Une nouvelle fois, la restauration de l'objet a permis de faire des découvertes étonnantes. En 2011 en effet, le coffret est confié par la conservation du musée national à Céline Girault, restauratrice spécialisée dans le domaine de la tabletterie : l'artisanat de la tabletterie consiste à fabriquer de petits objets soignés, tels des échiquiers, des articles pour fumeurs, des étuis ou coffrets, par découpage, montage, assemblage, marqueterie, incrustation etc.
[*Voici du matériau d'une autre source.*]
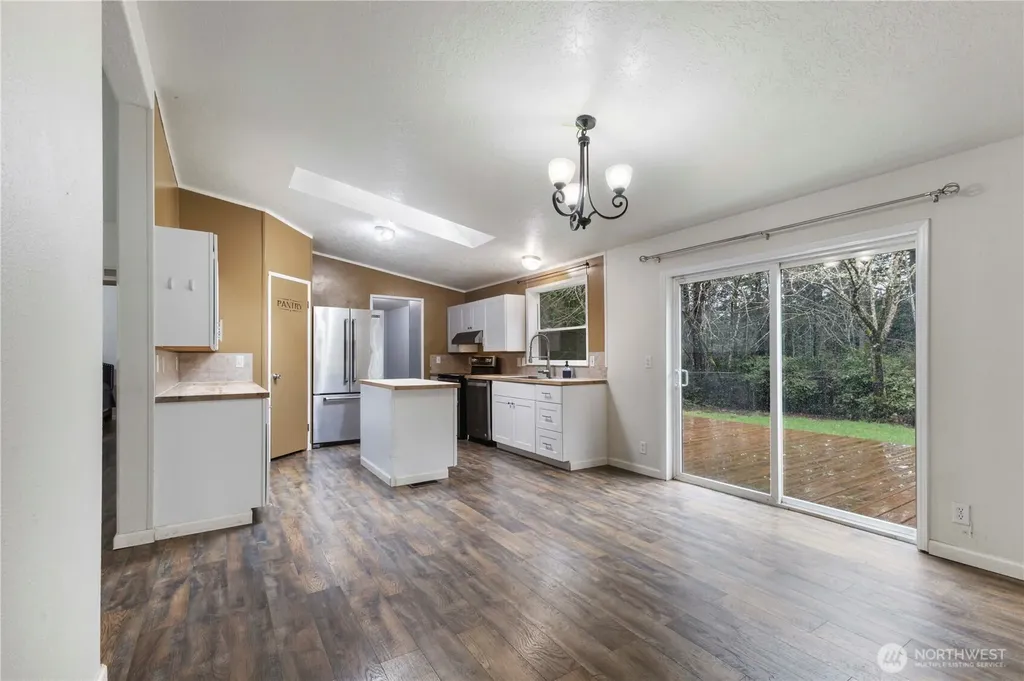 260 E Lansky Drive Shelton WA 98584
La restauratrice fait immédiatement le rapprochement entre ce coffret et des objets similaires fabriqués à Spa, en Belgique, aux XVIIe et XVIIIe siècles : les matériaux employés (bois de poirier noirci et non ébène, étain ou laiton, nacre), les motifs du délicat décor floral réalisé en nacre rehaussée de cires colorées (tulipe, anémone, fritillaire, œillet, jonquille), comme l'organisation de ce décor autour d'un médaillon central sur le couvercle, sont autant de caractéristiques de ce centre de production.
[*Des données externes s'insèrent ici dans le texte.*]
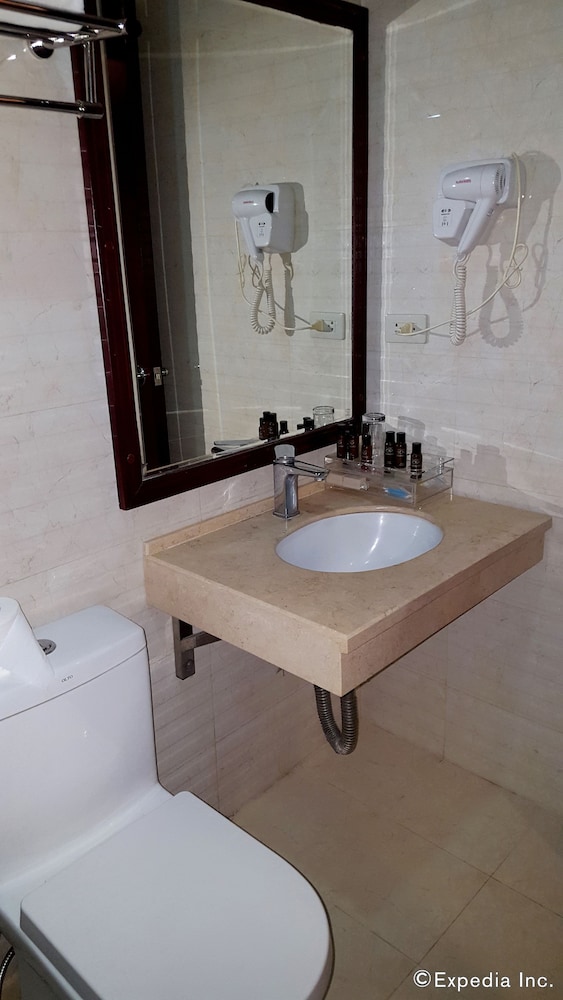 Palawan Uno Hotel 47/50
Elle émet donc l'hypothèse que l'intérieur du couvercle doit s'orner d'un décor en laque, comme c'est souvent le cas pour les coffrets spadois. La soie anciennement tendue à l'intérieur du coffret en masquait l'intérieur depuis plus d'un siècle et demi. Il est décidé de l'enlever. Cette opération délicate était par ailleurs justifiée par le mauvais état du tissu, très fragile et très pâli, passé du cramoisi au rose pâle, et par l'importante oxydation des semences qui avaient été utilisées pour le fixer. Apparaît alors un petit tableau en laque imitant la laque de Chine. La scène représentée est celle d'une bataille dont les protagonistes semblent porter des costumes d'inspiration orientale. Coffret et tableau de laque sont ensuite soigneusement restaurés par Céline Girault et Anne Jacquin, spécialiste des objets et mobiliers en laque.
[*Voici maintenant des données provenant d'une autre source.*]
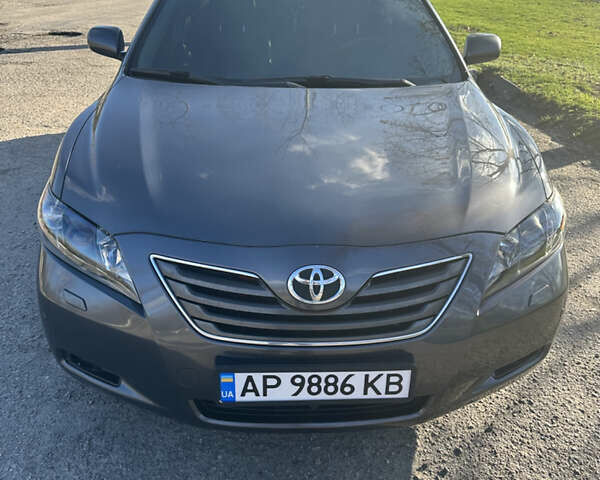 Серый Тойота Камри, объемом двигателя 3.46 л и пробегом 340 тыс. км за 12400 $, фото 1 на Automoto.ua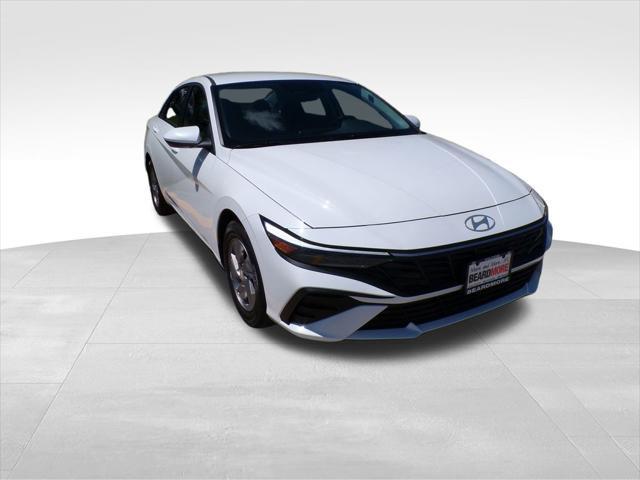 new 2025 Hyundai Elantra car, priced at $22,324
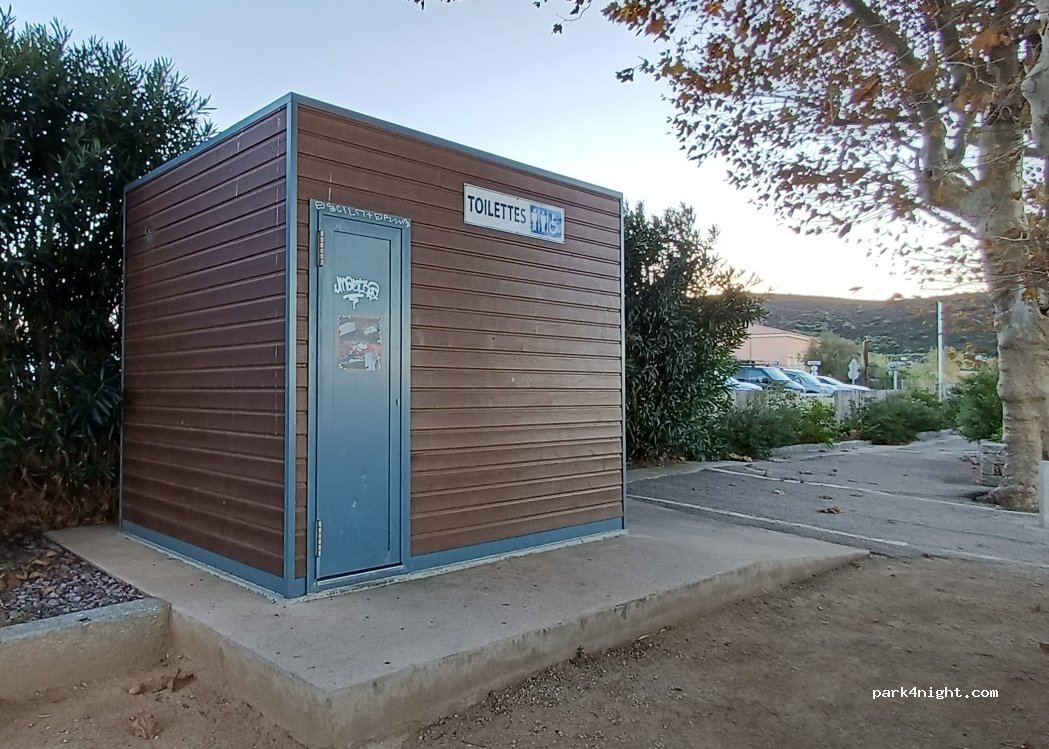 (20220) L'Île-Rousse - Boulevard Sottu Mare — foto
L'origine spadoise de ce coffret est donc confirmée. Or, on sait que la fabrication des "boîtes de Spa" n'est avérée qu'à partir de 1672 et que l'ajout de "vernis façon de la Chine" n'apparaît que plus tard encore, aux alentours de 1690... Comment dans ces conditions expliquer la présence du médaillon central à l'effigie d'Henri IV et la date de 1607 ? Sans doute faut-il y voir un habile remontage du début du XIXe siècle : le buste d'Henri IV n'est pas sans évoquer le visage du roi dans la monumentale Entrée d'Henri IV à Paris, présentée par le baron Gérard au Salon de 1817 et qui orne la galerie des Batailles de Versailles depuis 1837. Il est probable que l'incrustation du médaillon et la pose de la soie cramoisie aient été réalisées au même moment. Faut-il y voir l'oeuvre de l'antiquaire qui vendit ce coffret à la couronne ?
En 1855, la présence d'un petit décor de laque dans le couvercle était encore signalée dans l'inventaire des objets et mobiliers du palais impérial ; le souvenir devait ensuite s'en perdre. Quant à l'authenticité du médaillon, elle ne devait pas être mise en doute jusqu'aux dernières décennies du XXe siècle. La décision de restaurer ce coffret et le travail réalisé par les deux restauratrices ont permis de d'affiner et même de renouveler la connaissance que l'on en avait.